Why do you publish every fee?
A common industry practice is to publish one fee layer, hide another, and leave key rules unwritten. We do the opposite — every charging point is on this page and the pricing page. Feel free to compare it against any similar platform.
Framing "do you dare to publish it" as a matter of courage misses the point: it is really a matter of verifiability. The only value of publishing fee rates is letting you calculate the total cost down to the cent before you pay. Whether a platform is willing to let you do that arithmetic tells you far more than how often it repeats that it is transparent.
Look at it another way: writing out every fee is not bravery on our part, it is structurally costless. The reason some platforms in this industry disclose one layer and hide another is that the real profit often lives in what goes unwritten, the second markup at the card level and the hidden hurdles at withdrawal.
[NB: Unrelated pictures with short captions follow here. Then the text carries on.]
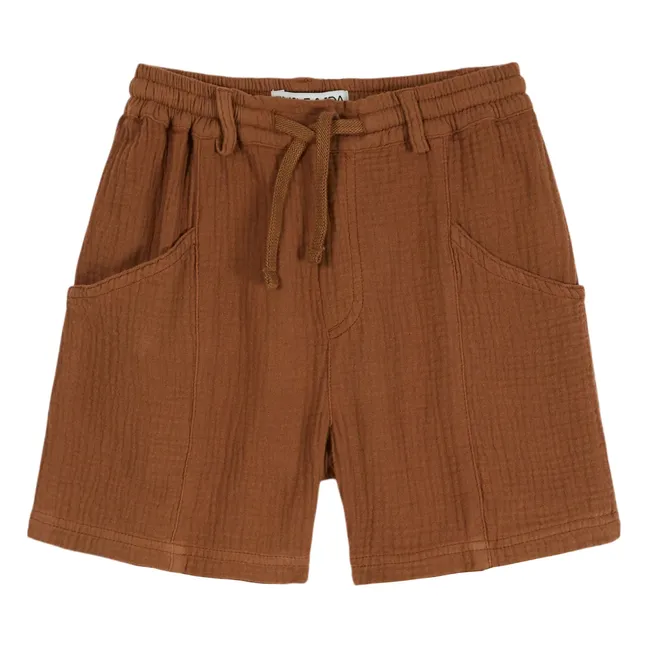 Pantalón corto de gasa de algodón liso | Marrón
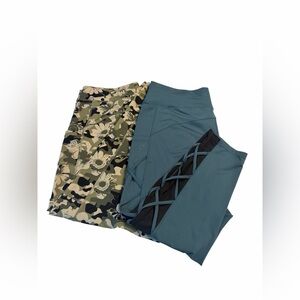 POP Fit Womens Leggings - Teal & Olive Camo Mix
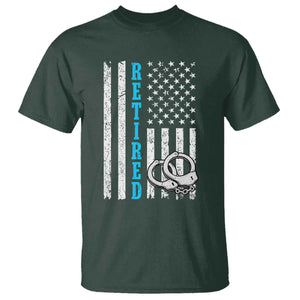 Funny Retired Police Officer T Shirt Patriotic Flag With Handcuffs TS12 Dark Forest Green Print Your Wear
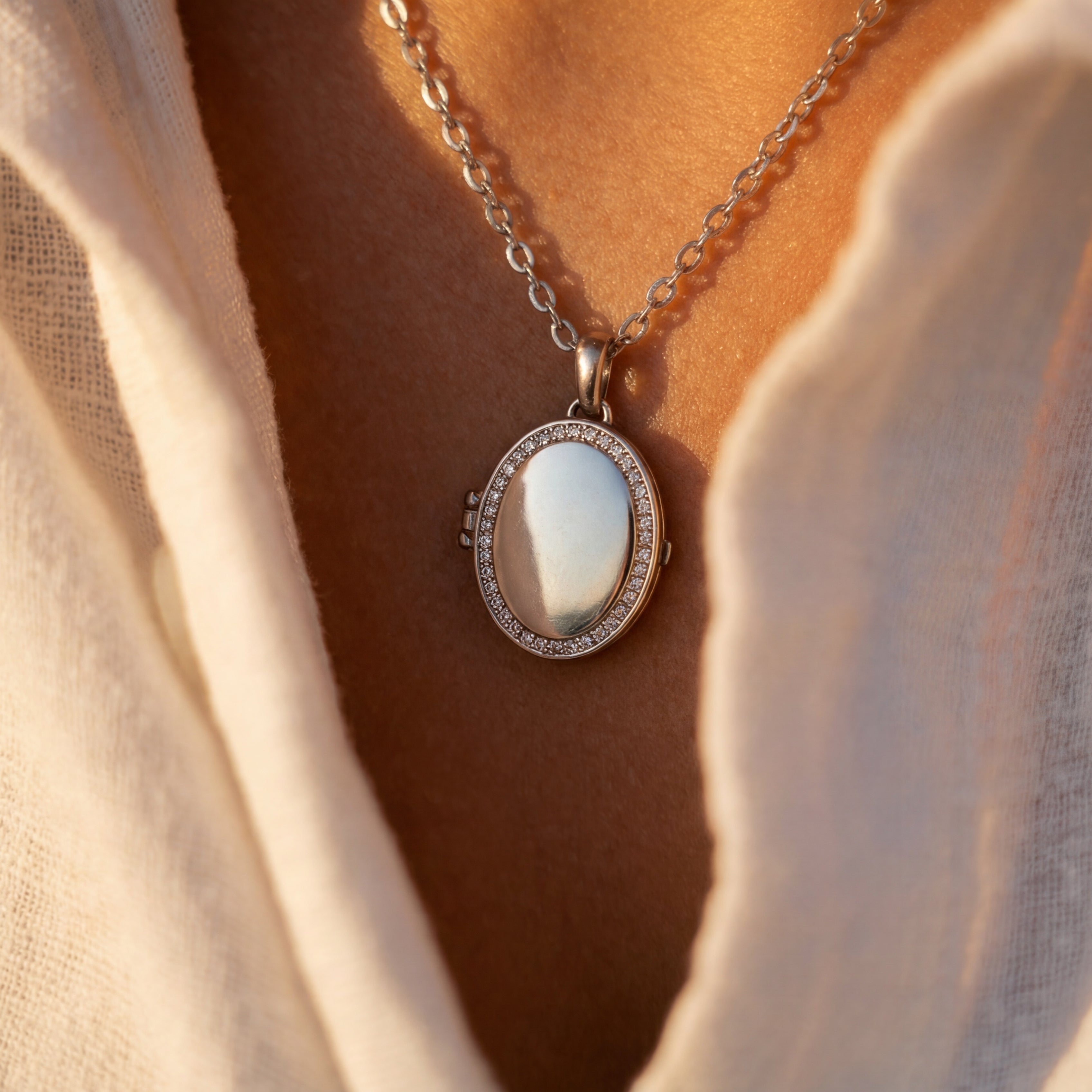 Collier médaillon photo - Ovale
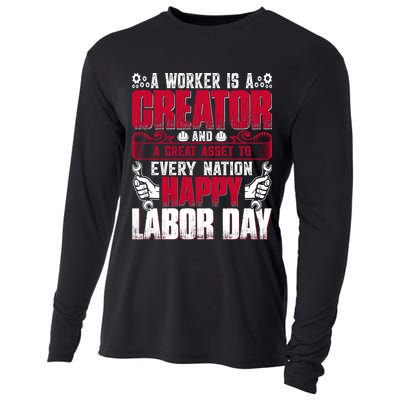 Great Asset To Every Nation Happy Labor Day Gift Cooling Performance Long Sleeve Crew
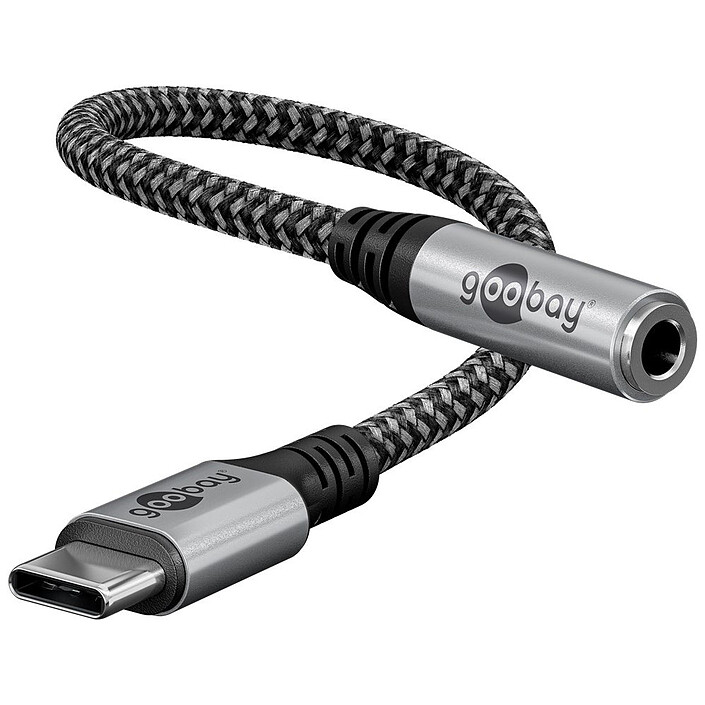 Cable Goobay de USB-C a Jack de 3,5 mm (macho/hembra) - 0,15 m - Negro/Gris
Writing it out means putting that profit on the table for comparison shopping. Our charges have only one layer, all four points are out in the open with no second layer behind them, so publishing them costs us nothing at all.
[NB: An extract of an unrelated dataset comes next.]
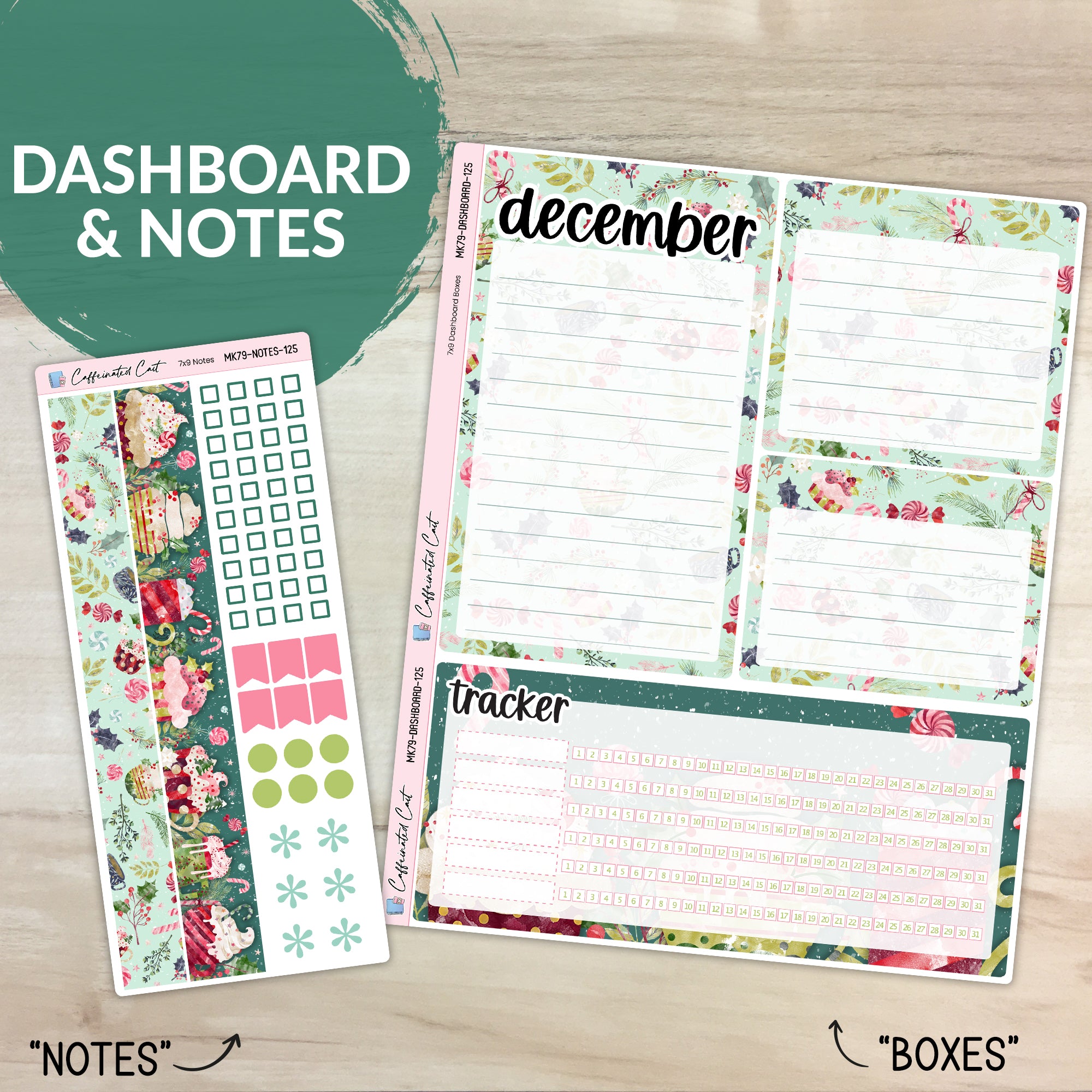 Dashboard & Notes Kit for ERIN CONDREN Planners - Peppermint Cocoa [ 125 ]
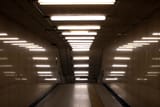fluorescent lamps in long hallway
There are only four charging points in total, listed in the table below
| Charging point | Fee rate | When it applies |
|---|---|---|
| Top-up fee | From 2%, tiered downward: 30-500 USDT is charged 2%, 500-1000 is charged 1.5%, above 1000 is charged 1% | When the USDT top-up is credited, deducted from the top-up amount |
| Card opening fee | $1-2 per card, set by card tier | Charged once each time a card is opened |
| Card opening limit service fee | 2% | At card opening, charged on the opening limit |
| Card top-up service fee | 2% | When topping up an existing card, drawn in real time from the platform balance |
Beyond these four points, there is no second layer of fees
- No monthly fee, no annual fee, no account management fee. You are charged by usage, and an idle card incurs no fees whatsoever.
- No second card-level fee layer. There is no extra markup at the issuing stage. The four points are all of it.
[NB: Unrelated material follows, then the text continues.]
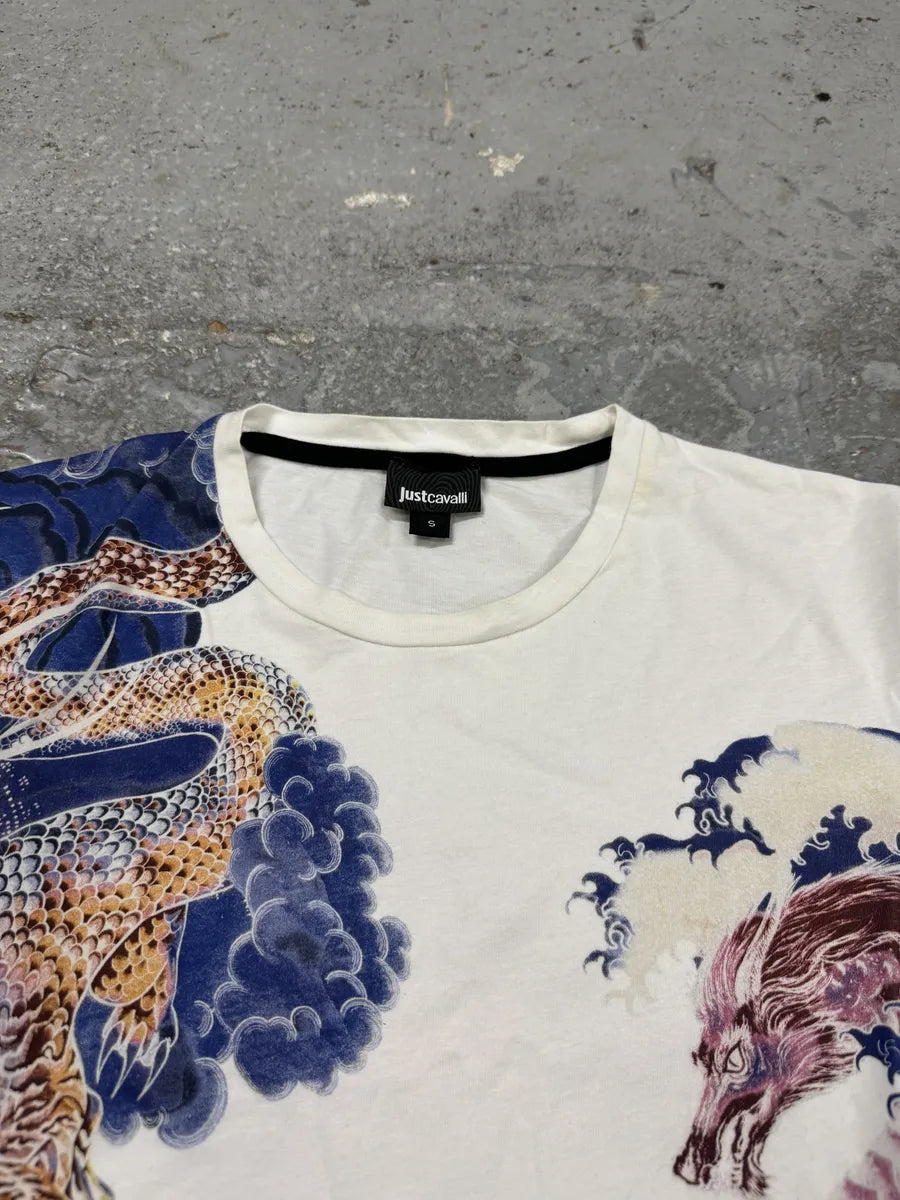 SS2018 Cavalli Asian Monsters Battle White T-Shirt DBNfoFs 3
- No hidden charges. Before you pay, you can use the published tiered rates to calculate the fee, the credited amount, and the total cost down to the cent, on the same basis as the worked examples below.
- Even the "bad news" is public: independent-limit cards are charged $0.60 per failed payment (the mainstay card tier with a shared limit is exempt). This is the upstream issuer's original cost passed through at par, with nothing added, and it is spelled out in the open as well.
Only a platform that can answer these five questions point by point is truly transparent
The five questions below are the touchstone for whether a platform's fee rates are genuinely transparent. You can take each one and hold it up against any comparable platform. Anything they cannot answer, or that requires you to "contact support to find out," is usually the layer that has been hidden. And these five, we answer point by point right here on this page.
- Beyond the top-up fee, is there a charge for topping up a card? How much?
- Beyond the platform fee, is there a second fee layer at the card level (the issuer)?
- Is there a monthly fee, an annual fee, or an account management fee?
- Is there a charge when a payment is declined? How much? Is it passed through at par?
- If you want your platform balance back (account withdrawal), how is it charged, and are there any hurdles?
The answers to the first four questions are all in the fee table and list above. The fifth is the one peers are most likely to hide, so we state it plainly too: if you genuinely need to withdraw your platform balance, you can submit a support ticket, and once approved it is refunded in USDT along the original path, with only a single on-chain transfer fee deducted from the withdrawal amount and no additional hurdles. If part of it consists of a limit returned from a closed card, that portion can only be requested after the upstream 60-90 day freeze period has elapsed.
Every total cost can be calculated down to the cent, and that is what publishing it is for
Publishing is not about posting a string of percentages, it is about letting you recompute the numbers yourself. Two examples: top up 30 USDT, charged 0.60 at 2%, and 29.40 is credited; open a card with a 26 limit, and the maximum total cost is 28.52, which is the 26 limit + 26x2% service fee + $2 card opening fee (using the top of the card tier). You can calculate both of these numbers right now using the rates in the table above, and only if they match is it truly public.